(Data for processing)

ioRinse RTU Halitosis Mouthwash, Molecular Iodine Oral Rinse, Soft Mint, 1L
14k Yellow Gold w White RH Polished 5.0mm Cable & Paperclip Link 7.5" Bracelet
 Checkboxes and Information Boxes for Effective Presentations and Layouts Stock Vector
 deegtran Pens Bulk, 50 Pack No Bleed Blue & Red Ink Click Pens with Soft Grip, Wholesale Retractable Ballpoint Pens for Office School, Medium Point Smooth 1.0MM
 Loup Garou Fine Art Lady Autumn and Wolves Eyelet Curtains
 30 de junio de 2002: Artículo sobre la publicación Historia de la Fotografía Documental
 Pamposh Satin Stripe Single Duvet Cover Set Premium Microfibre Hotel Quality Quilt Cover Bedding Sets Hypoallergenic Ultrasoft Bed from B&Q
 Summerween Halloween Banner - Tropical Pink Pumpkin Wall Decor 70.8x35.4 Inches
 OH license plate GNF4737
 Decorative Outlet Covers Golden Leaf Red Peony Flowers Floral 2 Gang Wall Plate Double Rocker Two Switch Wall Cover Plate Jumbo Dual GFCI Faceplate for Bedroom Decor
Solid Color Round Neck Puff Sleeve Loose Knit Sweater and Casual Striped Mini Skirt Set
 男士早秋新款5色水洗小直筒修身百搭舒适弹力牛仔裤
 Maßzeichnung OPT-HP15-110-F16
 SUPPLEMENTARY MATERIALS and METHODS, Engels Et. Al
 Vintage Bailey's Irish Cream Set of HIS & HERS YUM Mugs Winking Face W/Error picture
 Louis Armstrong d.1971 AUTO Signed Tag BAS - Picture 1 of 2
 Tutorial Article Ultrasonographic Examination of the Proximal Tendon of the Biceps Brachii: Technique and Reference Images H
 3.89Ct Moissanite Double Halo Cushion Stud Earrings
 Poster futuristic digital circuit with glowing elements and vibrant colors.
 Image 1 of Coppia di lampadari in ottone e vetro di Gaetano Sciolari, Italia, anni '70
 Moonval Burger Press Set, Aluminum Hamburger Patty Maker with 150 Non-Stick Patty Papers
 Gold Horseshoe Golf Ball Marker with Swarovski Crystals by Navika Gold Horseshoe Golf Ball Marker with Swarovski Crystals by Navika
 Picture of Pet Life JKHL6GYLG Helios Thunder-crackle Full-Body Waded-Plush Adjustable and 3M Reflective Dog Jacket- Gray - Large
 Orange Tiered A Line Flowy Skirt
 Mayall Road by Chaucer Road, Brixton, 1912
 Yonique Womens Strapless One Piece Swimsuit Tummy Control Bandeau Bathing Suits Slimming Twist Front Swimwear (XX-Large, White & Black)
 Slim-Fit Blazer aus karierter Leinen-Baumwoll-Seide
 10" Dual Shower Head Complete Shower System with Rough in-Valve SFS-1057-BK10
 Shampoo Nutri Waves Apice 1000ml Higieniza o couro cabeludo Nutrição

(End Data for processing)

Assignment — Return every line of the material in which the word "Dual" is found.

Written solution —
 Decorative Outlet Covers Golden Leaf Red Peony Flowers Floral 2 Gang Wall Plate Double Rocker Two Switch Wall Cover Plate Jumbo Dual GFCI Faceplate for Bedroom Decor
 10" Dual Shower Head Complete Shower System with Rough in-Valve SFS-1057-BK10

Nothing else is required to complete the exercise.